»»
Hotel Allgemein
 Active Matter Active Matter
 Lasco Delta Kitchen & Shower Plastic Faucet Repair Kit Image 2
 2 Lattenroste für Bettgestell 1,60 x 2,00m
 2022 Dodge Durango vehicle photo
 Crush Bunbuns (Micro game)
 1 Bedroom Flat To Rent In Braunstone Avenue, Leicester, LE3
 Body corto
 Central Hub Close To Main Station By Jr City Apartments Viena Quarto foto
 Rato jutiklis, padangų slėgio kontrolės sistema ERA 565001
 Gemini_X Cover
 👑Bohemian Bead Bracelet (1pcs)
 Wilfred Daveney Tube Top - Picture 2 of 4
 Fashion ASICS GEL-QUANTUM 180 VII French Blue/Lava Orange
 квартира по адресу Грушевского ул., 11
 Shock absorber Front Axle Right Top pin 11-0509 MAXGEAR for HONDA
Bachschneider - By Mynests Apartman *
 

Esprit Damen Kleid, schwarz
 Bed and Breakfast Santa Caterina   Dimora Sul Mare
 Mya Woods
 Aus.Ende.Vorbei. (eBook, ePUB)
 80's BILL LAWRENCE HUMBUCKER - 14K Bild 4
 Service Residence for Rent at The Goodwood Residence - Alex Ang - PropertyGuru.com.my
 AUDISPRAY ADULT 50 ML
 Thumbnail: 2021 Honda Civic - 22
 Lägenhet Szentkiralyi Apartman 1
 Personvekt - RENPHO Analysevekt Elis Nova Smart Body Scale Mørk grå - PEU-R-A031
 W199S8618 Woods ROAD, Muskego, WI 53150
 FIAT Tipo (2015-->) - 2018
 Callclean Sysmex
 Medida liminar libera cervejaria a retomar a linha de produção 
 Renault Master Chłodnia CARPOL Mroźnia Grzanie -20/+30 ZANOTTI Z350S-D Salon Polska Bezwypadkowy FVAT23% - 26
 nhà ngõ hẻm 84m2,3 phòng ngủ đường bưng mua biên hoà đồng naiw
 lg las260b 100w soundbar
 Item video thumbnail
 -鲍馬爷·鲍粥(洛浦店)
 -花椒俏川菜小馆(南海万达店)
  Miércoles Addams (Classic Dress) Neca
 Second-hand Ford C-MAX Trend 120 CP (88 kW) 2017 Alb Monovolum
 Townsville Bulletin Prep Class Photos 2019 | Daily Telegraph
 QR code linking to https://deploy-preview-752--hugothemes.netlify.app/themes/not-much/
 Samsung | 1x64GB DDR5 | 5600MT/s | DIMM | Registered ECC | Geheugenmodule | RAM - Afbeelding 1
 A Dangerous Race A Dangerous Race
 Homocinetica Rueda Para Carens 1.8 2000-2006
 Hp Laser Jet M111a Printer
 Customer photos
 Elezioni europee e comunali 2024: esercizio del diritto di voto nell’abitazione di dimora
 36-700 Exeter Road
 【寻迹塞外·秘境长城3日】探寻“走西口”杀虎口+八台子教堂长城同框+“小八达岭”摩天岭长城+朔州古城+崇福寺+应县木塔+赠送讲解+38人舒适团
««
▶ WHAT YOU ARE ASKED TO DO
Using the listing above, retype each line exactly.

▶ FINAL ANSWER
Hotel Allgemein
 Active Matter Active Matter
 Lasco Delta Kitchen & Shower Plastic Faucet Repair Kit Image 2
 2 Lattenroste für Bettgestell 1,60 x 2,00m
 2022 Dodge Durango vehicle photo
 Crush Bunbuns (Micro game)
 1 Bedroom Flat To Rent In Braunstone Avenue, Leicester, LE3
 Body corto
 Central Hub Close To Main Station By Jr City Apartments Viena Quarto foto
 Rato jutiklis, padangų slėgio kontrolės sistema ERA 565001
 Gemini_X Cover
 👑Bohemian Bead Bracelet (1pcs)
 Wilfred Daveney Tube Top - Picture 2 of 4
 Fashion ASICS GEL-QUANTUM 180 VII French Blue/Lava Orange
 квартира по адресу Грушевского ул., 11
 Shock absorber Front Axle Right Top pin 11-0509 MAXGEAR for HONDA
Bachschneider - By Mynests Apartman *
 

Esprit Damen Kleid, schwarz
 Bed and Breakfast Santa Caterina   Dimora Sul Mare
 Mya Woods
 Aus.Ende.Vorbei. (eBook, ePUB)
 80's BILL LAWRENCE HUMBUCKER - 14K Bild 4
 Service Residence for Rent at The Goodwood Residence - Alex Ang - PropertyGuru.com.my
 AUDISPRAY ADULT 50 ML
 Thumbnail: 2021 Honda Civic - 22
 Lägenhet Szentkiralyi Apartman 1
 Personvekt - RENPHO Analysevekt Elis Nova Smart Body Scale Mørk grå - PEU-R-A031
 W199S8618 Woods ROAD, Muskego, WI 53150
 FIAT Tipo (2015-->) - 2018
 Callclean Sysmex
 Medida liminar libera cervejaria a retomar a linha de produção 
 Renault Master Chłodnia CARPOL Mroźnia Grzanie -20/+30 ZANOTTI Z350S-D Salon Polska Bezwypadkowy FVAT23% - 26
 nhà ngõ hẻm 84m2,3 phòng ngủ đường bưng mua biên hoà đồng naiw
 lg las260b 100w soundbar
 Item video thumbnail
 -鲍馬爷·鲍粥(洛浦店)
 -花椒俏川菜小馆(南海万达店)
  Miércoles Addams (Classic Dress) Neca
 Second-hand Ford C-MAX Trend 120 CP (88 kW) 2017 Alb Monovolum
 Townsville Bulletin Prep Class Photos 2019 | Daily Telegraph
 QR code linking to https://deploy-preview-752--hugothemes.netlify.app/themes/not-much/
 Samsung | 1x64GB DDR5 | 5600MT/s | DIMM | Registered ECC | Geheugenmodule | RAM - Afbeelding 1
 A Dangerous Race A Dangerous Race
 Homocinetica Rueda Para Carens 1.8 2000-2006
 Hp Laser Jet M111a Printer
 Customer photos
 Elezioni europee e comunali 2024: esercizio del diritto di voto nell’abitazione di dimora
 36-700 Exeter Road
 【寻迹塞外·秘境长城3日】探寻“走西口”杀虎口+八台子教堂长城同框+“小八达岭”摩天岭长城+朔州古城+崇福寺+应县木塔+赠送讲解+38人舒适团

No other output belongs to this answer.